If you’re a driver like me, you recognize that there are plenty jackasses driving around. Well…I’m getting a little sick of them, so here is a quick list of ways to avoid being that jackass driver that everyone hates and/or honks.
1. Drive at or above the speed limit. Everyone has somewhere to go…and even if you’re the jackass who doesn’t, don’t make it so obvious. DRIVE YOUR CAR!
2. Just because you signal, doesn’t mean you can automatically shift lanes. Last I remember learning, you signal to show intention to merge, THEN you look to ensure it’s safe to do so, WHEN it is safe, THEN you do so. You do not just signal and dart wherever you please. This is what causes accidents. I don’t need another at fault to my name so please stop the carelessness.

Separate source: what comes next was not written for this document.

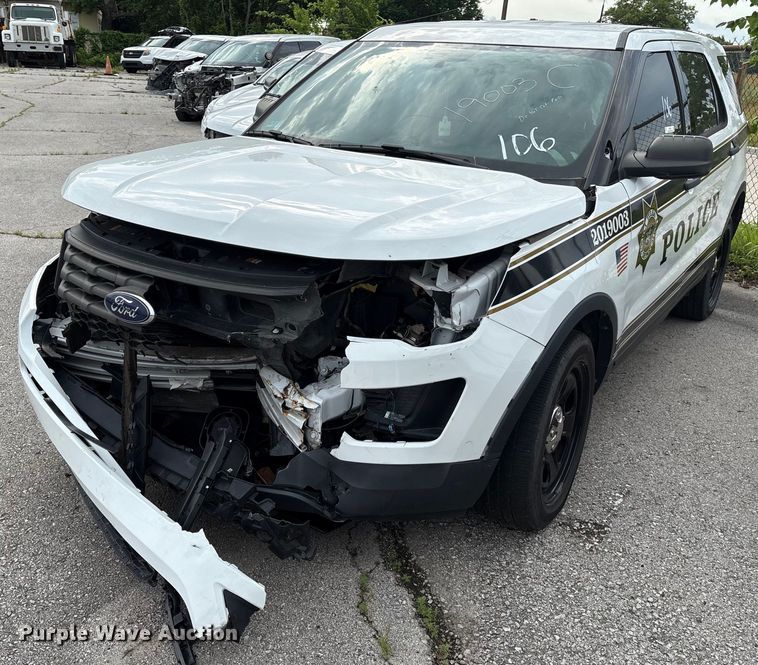 2019 Ford Explorer Police Interceptor SUV - EG8528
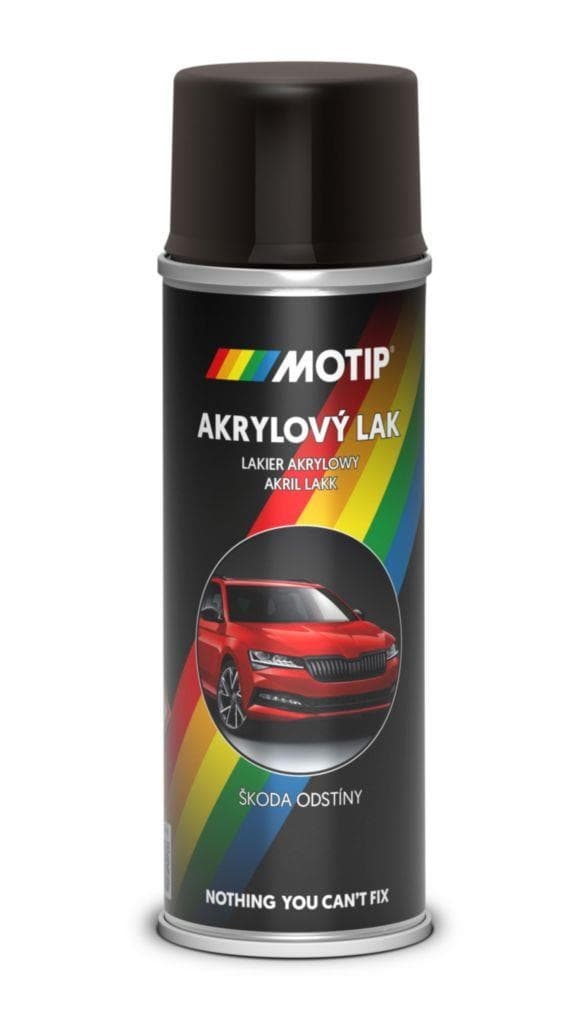 Motip Autosprej černá lesklá 200ml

3. Just because the ground is a little wet, doesn’t mean you have to drive like you’re going to someone’s funeral. Please see #1. I get it, it has rained, you’re scared you’ll lose traction…call me a dare devil, but…please see #1.
4. I don’t know you. I don’t owe you anything. So, if I slow down and allow you to merge (once you haven’t done #2), please, say thank you! Am I asking for too much? A little hand wave…something? Acknowledge the fact that I didn’t have to, but I did. Show some appreciation so I don’t take it out on the next guy who is trying to merge in front of me. Drivers have become so entitled. I didn’t have to let you in. I could have been the asshole that I probably really wanted to be, by speeding up and not letting you in. So, some gratitude is much appreciated. 🙂
5. DO NOT, come in front of me (when you see me following #1) and disobey rule #1! Is this not head banging-ly annoying? Don’t be that jackass. You want to come into my lane, then keep up with the people in my lane. Don’t come in it to slow it down. We have places to go.
6. Stay out of the fast lane (passing lane) if you’re not going at least 10km over the speed limit. We call it the fast lane for a reason. Obey the unwritten rules of the road. Us speeders have places to go and police cars to avoid. Ludacris said it best, “Move b&%#*! Get out the way!…”
7. Extended honks are only necessary for people who have tried to kill you. Don’t annoy everyone else on the road by holding your horn for 2mins. We get it…the jackass gets it…don’t be annoying. Unless they tried to run over your child, ease up off the horn. It’s really not necessary and you end up penalizing us all.
8. Green means go. So…go! I get it, we all have smart phones, we all want to check those messages, texts, BBMs, social media smut, all that junk that isn’t even important. I totally get that we feel less dangerous waiting until red lights to check it. Whichever…I won’t tackle that today because 97% of drivers with smart phones are guilty of that. But please…multitask, or actually obey the law and put the phone down, because unfortunately, I may just have to violate #7 if you don’t go when the light is green.
9. Don’t box in drivers! This is what happens when you and two other jackasses are violating numbers 1, 3, 5 & 6. It’s gotta be one of those “I want to honk your asssssss!” moments for me. Do you jackasses plan this? If you see one car is busy trying to get to where they gotta go, don’t organize that you and your 2 other friends will box her in, therefore giving her no choice but to go just as pathetically slow as you all. UGH!
Alright…I can’t think of any more, although I know there have GOT to be tons more that I’m just forgetting. Help me out. What are some basic road rules that jackass drivers need to follow? Add yours in the comment section below. And remember, don’t get hated, don’t get honked, don’t be a jackass driver!